About this task >>
Below is a listing to write out in full, exactly as given, without its pictures.

Data Block Start

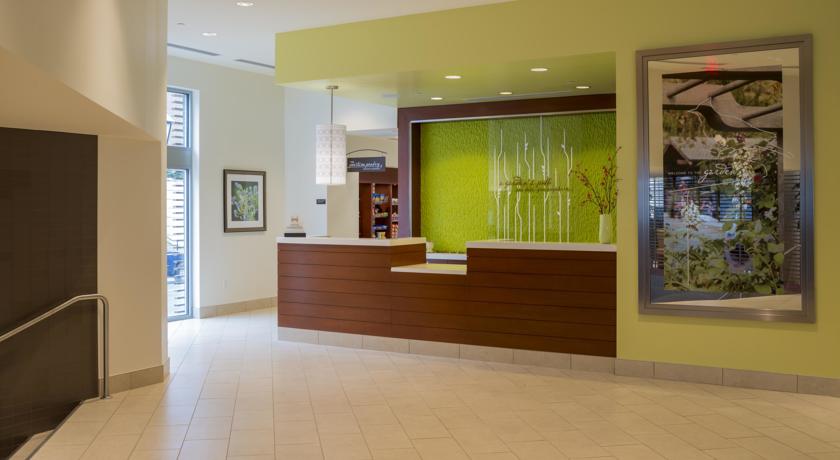 Imagen general del Hotel Hilton Garden Inn Alexandria Old Town National Harbor. Foto 2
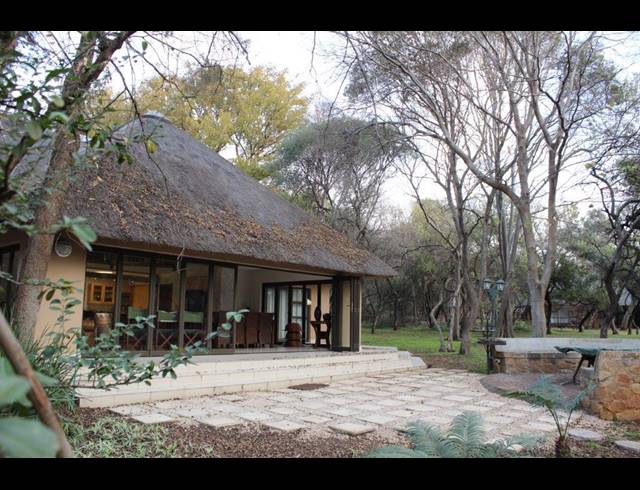 4 BEDROOM HOUSE FOR SALE IN LAKELAND ESTATE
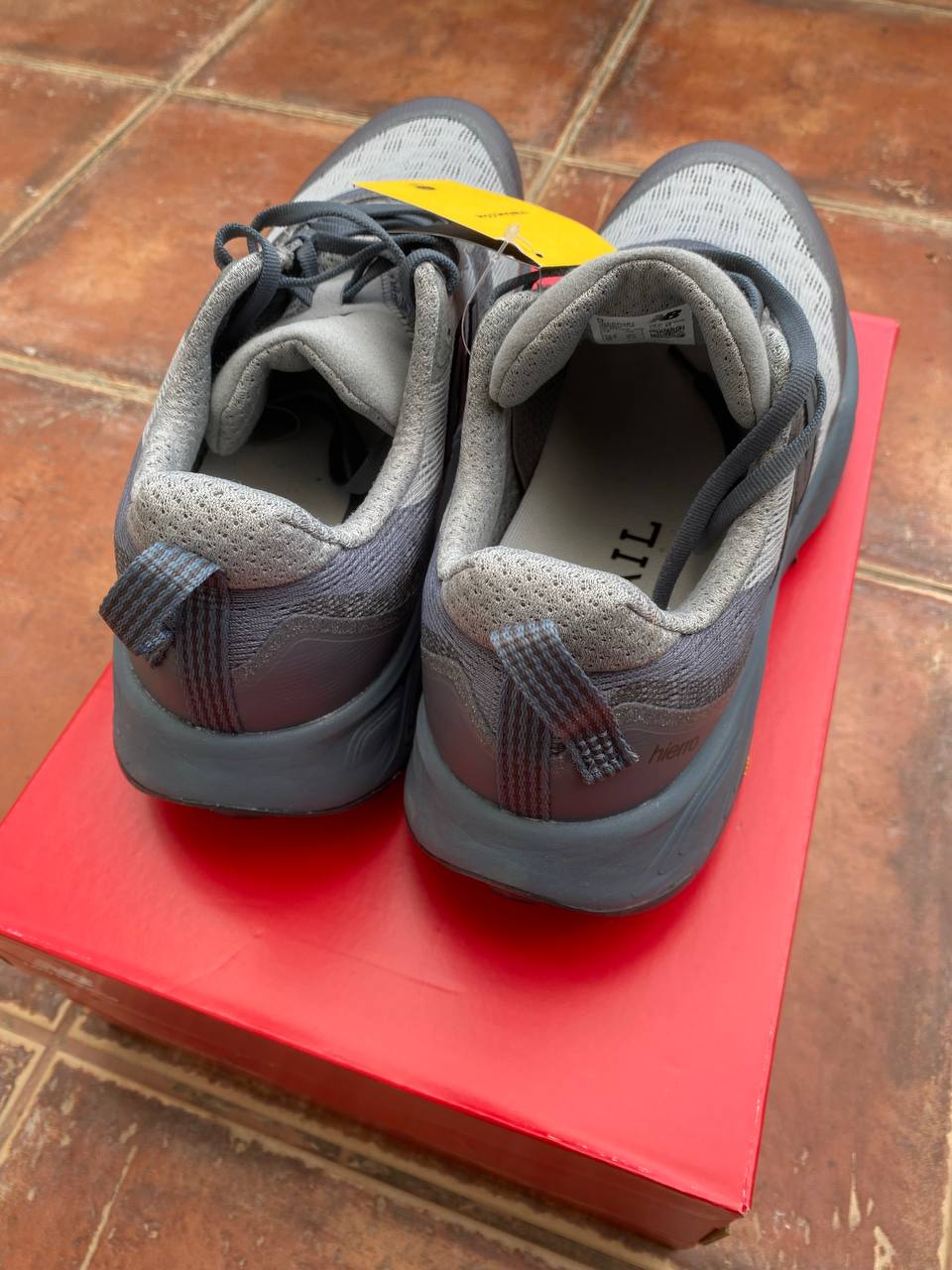 Кроссовки New Balance Hierro 46.5 2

Data Block End

Output for this exercise >>
 Imagen general del Hotel Hilton Garden Inn Alexandria Old Town National Harbor. Foto 2
 4 BEDROOM HOUSE FOR SALE IN LAKELAND ESTATE
 Кроссовки New Balance Hierro 46.5 2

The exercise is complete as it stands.